The environment lies at the heart of GRASP

19 December 2019
Alexander Kasterine, International Trade Centre

Examining the challenges facing Pakistan’s livestock and horticulture sectors

Managing environmental risks is a major theme of the Growth for Rural Advancement and Sustainable Progress (GRASP) programme in Pakistan, worth $55 million and funded by the delegation of the European Union to Pakistan. Pakistan is ranked as one of the 10 nations most at risk from climate change. It faces multiple challenges from declining water availability and quality and extreme weather bringing floods and droughts.

Farmers are at the sharp end of these impacts, battling to maintain yields and to meet the public’s expectation to minimize the impact of food production on the environment.

The GRASP mission to Pakistan to launch the project’s inception phase in September 2019 gave the International Trade Centre (ITC) team an opportunity to experience and understand environment-related challenges facing the country’s livestock and horticulture sectors. It was also in a position to view some unique solutions.

An hour outside Karachi, a seaside city of 15 million people, is a large dairy and beef farm. Owned by Jamil Memon, it holds 4,500 cows and 2,500 buffalo producing milk for the Karachi market. Managing waste to avoid local water contamination is a main environmental concern in the dairy sector.

Memon is testing a new technology to convert manure into pellets that fire boilers. This will help reduce the amount of waste disposal and generate income through sales to local industry.

Another innovation is on the marketing side, where he packages the farm’s buffalo and cow’s milk as hormone free and sells it directly to Karachi’s main supermarket at a 20% premium.

Adding value in this way means he can avoid having to accept prices fixed by the local district committee, a long-standing policy that farmers criticize for reducing incentives to invest in the sector.

The other sector that ITC will support is horticulture. In Balochistan province, an arid area bordering Afghanistan and Iran, colleagues from the United Nations Food and Agriculture Organization (FAO) of the United Nations drove us out to visit two orchards growing grapes and apples. In both it was clear that the use of water was unsustainable and of grave concern for the future of the province.

An apple grower there told us that when he started pumping water 20 years ago, it was at 200 feet (61 metres) below ground. It is now at 600 feet below ground. There are very limited incentives for conservation of water.The grower receives a government subsidy to bore holes into the ground aquifers and extract water, paying only 10% of the diesel costs to run the pumps.

What’s more, farms across Pakistan have installed solar panels so running the pumps comes at zero cost.
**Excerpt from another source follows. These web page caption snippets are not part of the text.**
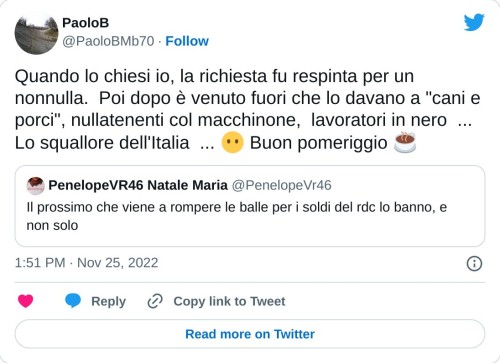 Quando lo chiesi io, la richiesta fu respinta per un nonnulla. Poi dopo è venuto fuori che lo davano a "cani e porci", nullatenenti col macchinone, lavoratori in nero ... Lo squallore dell'Italia ... 😶 Buon pomeriggio ☕ https://t.co/JRoGcxOhFz  — PaoloB (@PaoloBMb70) November 25, 2022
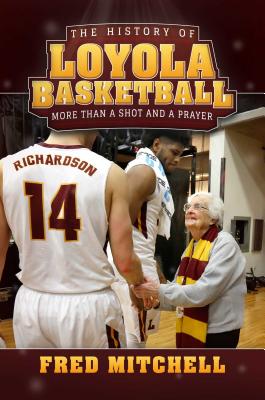 The History of Loyola Basketball: More Than a Shot and a Prayer - Mitchell, Fred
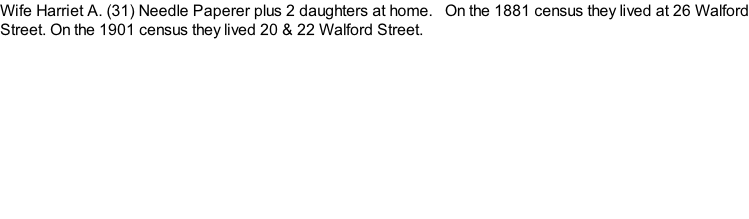 Wife Harriet A. (31) Needle Paperer plus 2 daughters at home.   On the 1881 census they lived at 26 Walford Street. On the 1901 census they lived 20 & 22 Walford Street.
As a result there are entrenched traditional practices of flood irrigation, whereby the farmers open the taps and an entire field is covered with water.

In addition to huge losses through evaporation, flood irrigation also causes waterlogging.
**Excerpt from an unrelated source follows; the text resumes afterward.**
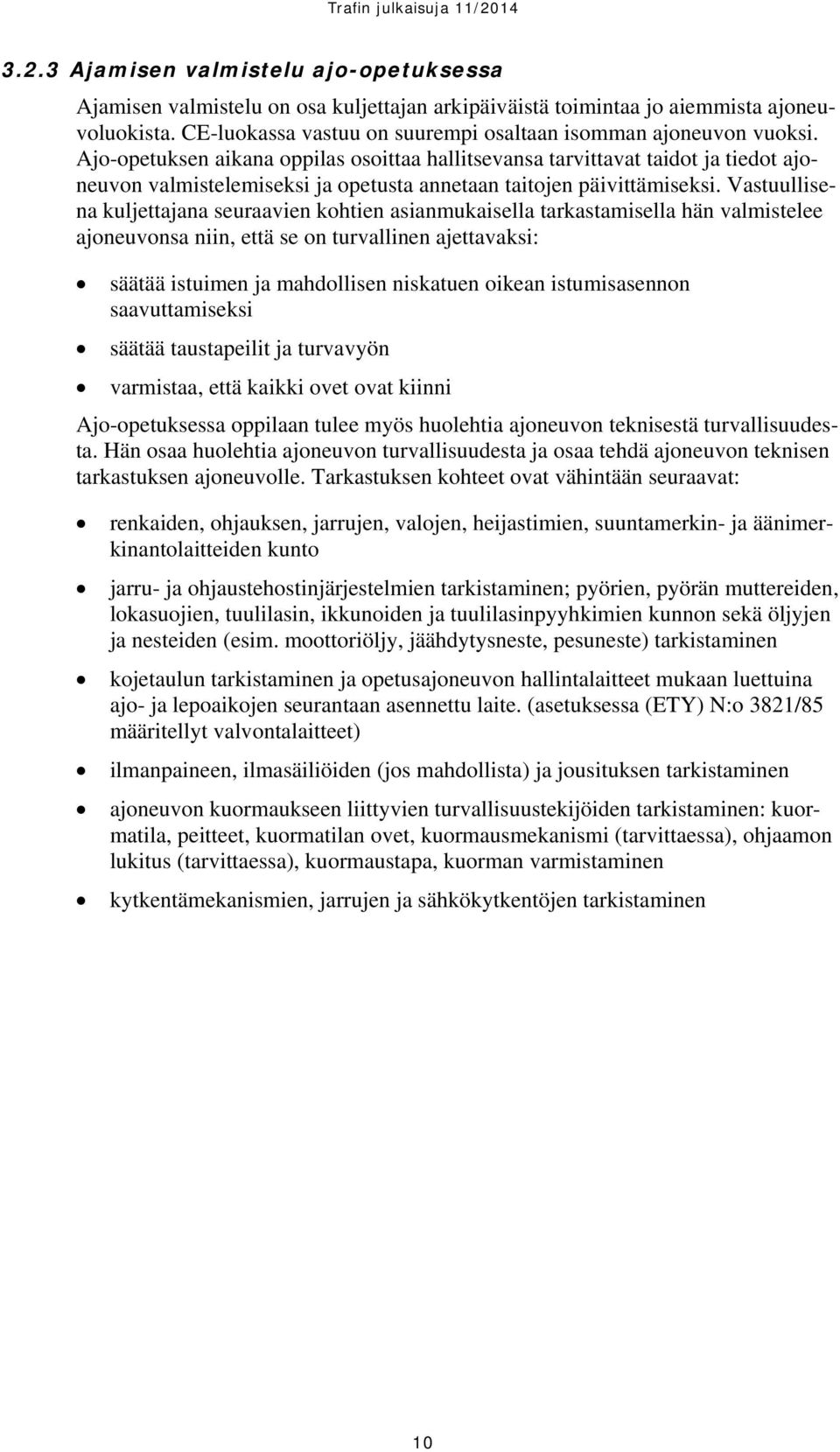 Ajo-opetuksen aikana oppilas osoittaa hallitsevansa tarvittavat taidot ja tiedot ajoneuvon valmistelemiseksi ja opetusta annetaan taitojen päivittämiseksi.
Addressing these issues will require GRASP to engage both at the farm level to demonstrate water-saving technologies while working at the policy level to explore ways to improve incentives for sustainable water management in the province.

One of the largest projects currently implemented by ITC, GRASP is a six-year initiative designed to reduce poverty in Pakistan by strengthening small-scale agribusinesses in Balochistan and Sindh provinces. It helps small and medium-sized enterprises in horticulture and livestock become more competitive by making improvements at all levels of the value chain.